The point is summarised by Leon Kass, the American Bioethicist (in whose writings I found the reference to Oakeshott) “habitual practice informs its source: heart and mind are together dyed fast by repeated immersions in the practice of daily living”.

Kass employs Oakeshott’s views to launch into a critique of academic ethicists, in the name, he says, of “genuine moral action performed by countless people in everyday life.”

Bioethics is probably the most popular manifestation of applied ethics. Kass claims that the public’s concern with bioethical questions is more immediate and profound than the approaches of most bioethicists. It begins, he says, with concrete existential uestions, but reaches down to the central concerns of human life and the longing of the human soul. Because we in the west lack any “master cultural and moral narrative that can guide us through the minefields of the biotechnological revolution we turn to the experts in bioethics in the hope of gaining clarity about what all this means and wonder about what we must do to keep human life human.”

Bioethics, he therefore proclaims, must draw on moral capital of a different, a less academic sort.

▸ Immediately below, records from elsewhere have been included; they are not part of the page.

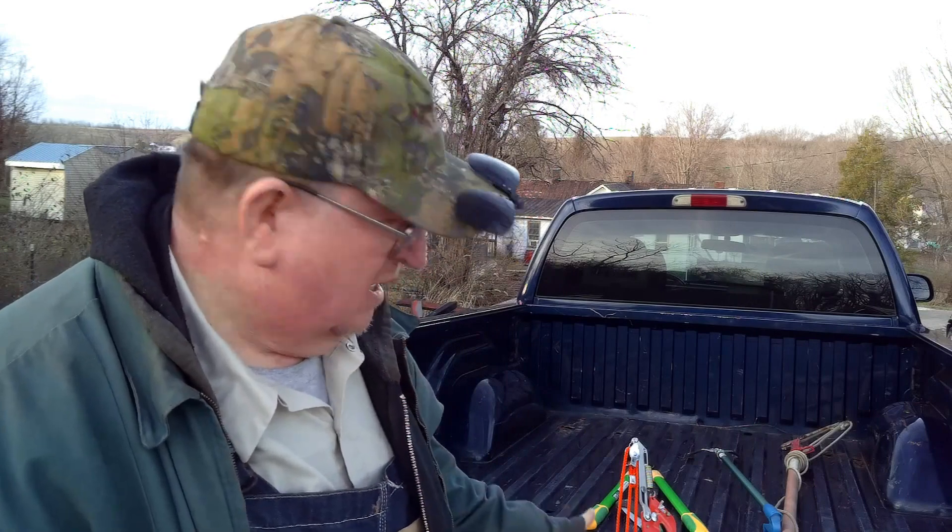Only time will tell how long this thing will last. Like I said, it says one and a half inch branches, but you better be a horse to pull and cut off a one-and-a-half-inch branch. It does pretty good at one inch. So that's my review of the Harbor Freight Pole Pruner.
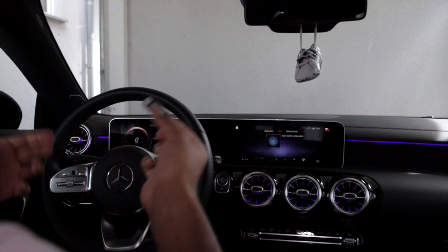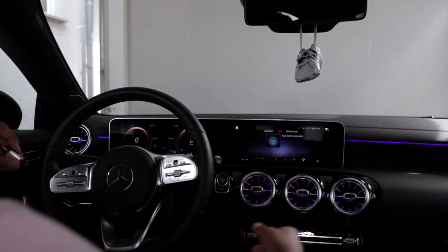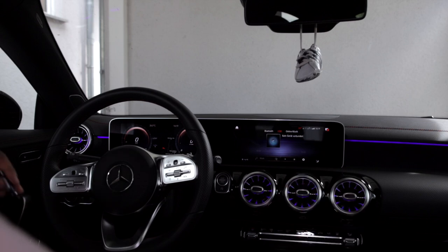To play videos, we need to plug in the USB stick. You can put it in front or under your armrest — I'll just put it in front here.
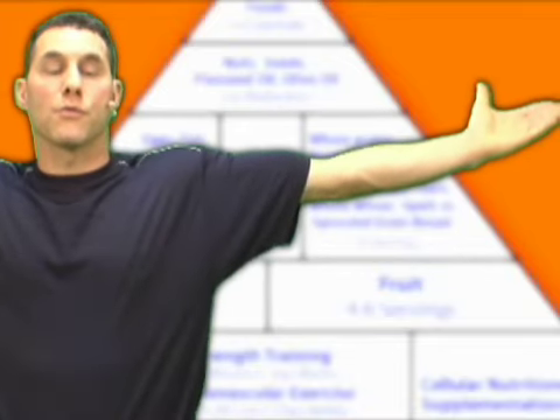Before we begin, let me explain a couple of things. When we get to the exercise, some people like to do a lateral raise this way, which is really good. And if you have a bad elbow, this is great. If you have a problem with your shoulder, I like to inwardly rotate my shoulders and come up this way. Both are really good, and we'll get to that in a few minutes.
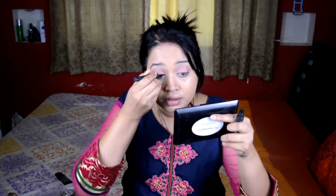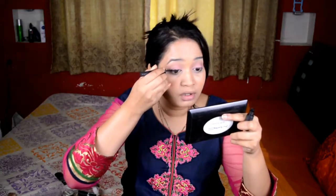Next I'm applying eyeliner. I'm using the Nika liquid liner, which is really precise because of its long applicator tip. On glasses, there's no real need for a very dark or bold eyeliner — a simple, thin eyeliner is okay. If you apply a very thick eyeliner, it will make your eyes look small, which doesn't look good on specs.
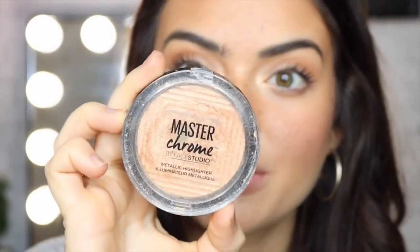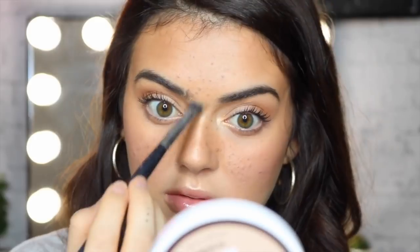My freckles are all put on now. I've made sure I've bronzed my face and put a whole lot of freckles around my face to make them look really real. I'm now going to go in with my Master Chrome 100 Molten Gold Highlighter and bring out the highlight on my nose and then on my T-zone a little bit more, just to make this area look a bit more realistic.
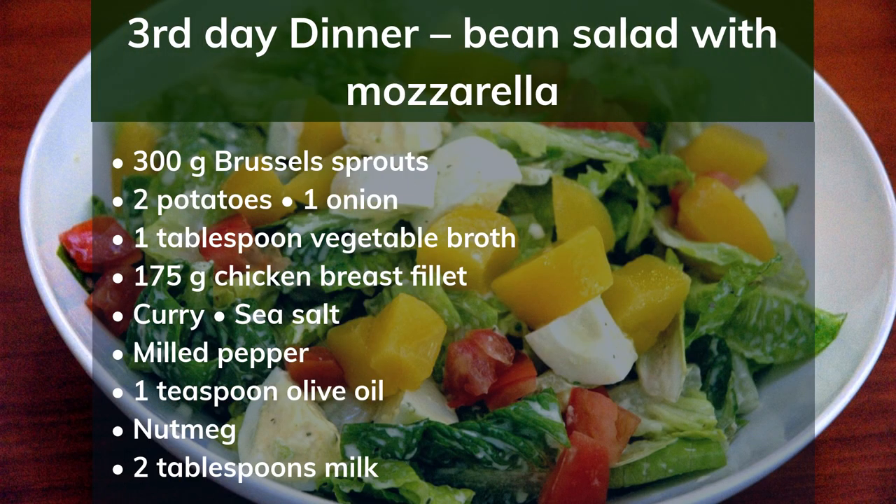3rd day dinner: bean salad with mozzarella. Ingredients: 250g frozen beans, 1 tablespoon vegetable stock, 1 scallion, 100g cherry tomatoes, 1 ball light mozzarella, juice of half a lemon, 1 tablespoon Genovese pesto from the jar, sea salt, black pepper, a few basil leaves. Preparation: Cook the beans in broth with a little water and let cool briefly. Cut the spring onions into rings, halve the cherry tomatoes, drain and dice the mozzarella. Mix the beans with all remaining ingredients and season with lemon juice, pesto, salt and pepper. Chop the basil and sprinkle over the salad before serving.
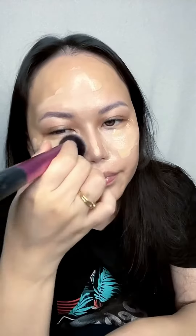Then I use my regular foundation and I apply it. Afterwards I use a buffing brush and I buff up my foundation onto my skin, making sure that it blends well with the illuminating product.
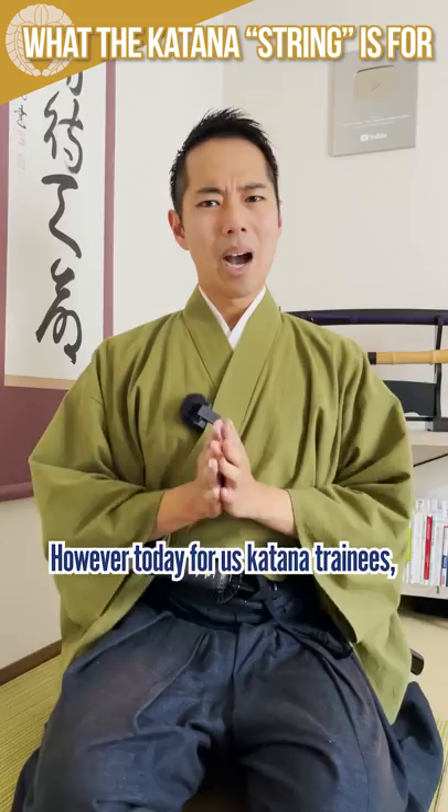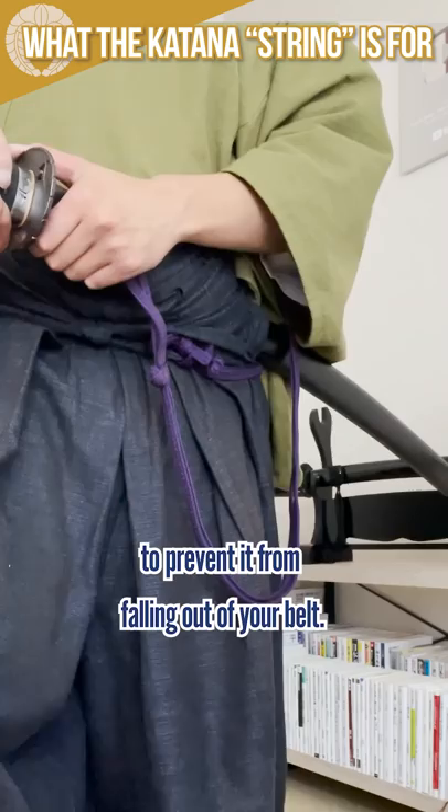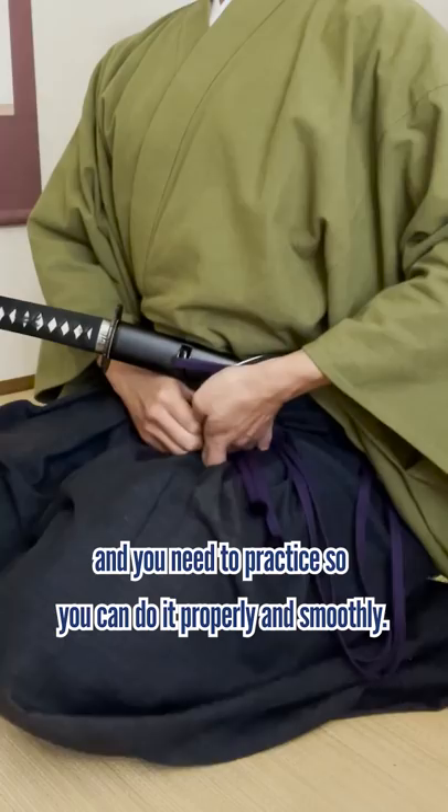However, today for us Katana trainees, the Sage-o string is only used to tie the katana's sheath to your hakama to prevent it from falling out of your belt. The procedure of tying it is considered to be part of the etiquette, and you need to practice so you can do it properly and smoothly.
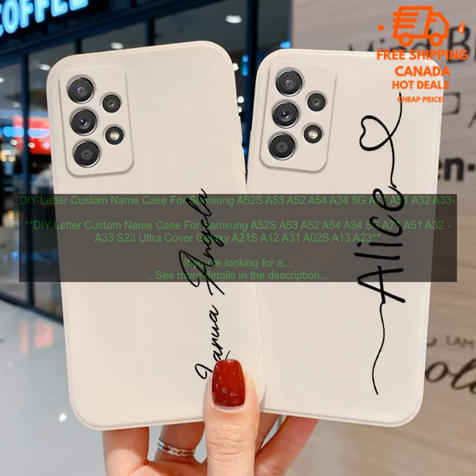Installing the case is easy — simply remove the phone from its original case and slide it into the DIY letter custom name case. The case will then snap into place and securely hold your phone. Overall, the DIY letter custom name case is a great option for anyone looking for a stylish and protective case for their Samsung phone. It's made from high quality materials, is easy to install, and offers a personalized look.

It needs to go back to asking the basic questions such as “How to Live”.

For myself, I believe that it is because Peter Singer offers some kind of vision of this that his work is so popular in the western world and his often simplistic, but clearly set out views are so popular. At the same time, I find them – for myself and others – lacking in a deeper understanding of humanity itself. But, given the failure of most other applied ethicists to offer an approach to the questions of human flourishing, many are content with them. Too little is actually received whilst too much is promised.

The applied ethicist does reflect the deeper search for meaning and can offer a vision about humans as moral beings. The work of applied ethics cannot issue – must not issue – detailed guides for daily living within business and professions, but by looking at problems in the particular it can perhaps offer a way towards a vision of the whole.

Too much or too little?

The work of the applied ethicist is to make a contribution – a difference. Against those who condemn what they see as the surfeit of rationalism in this area we may see our activity of practical ethics as helping us to illuminate some of the deeper complexities of both the lives of professionals and the communities in which we live and work. It is through community and experience that character is formed and even reformed.

( I need to say a couple of things. I owned shares in James Hardie and sold them. This address is not footnoted but my debts to the writers mentioned in it is, I think, obvious.)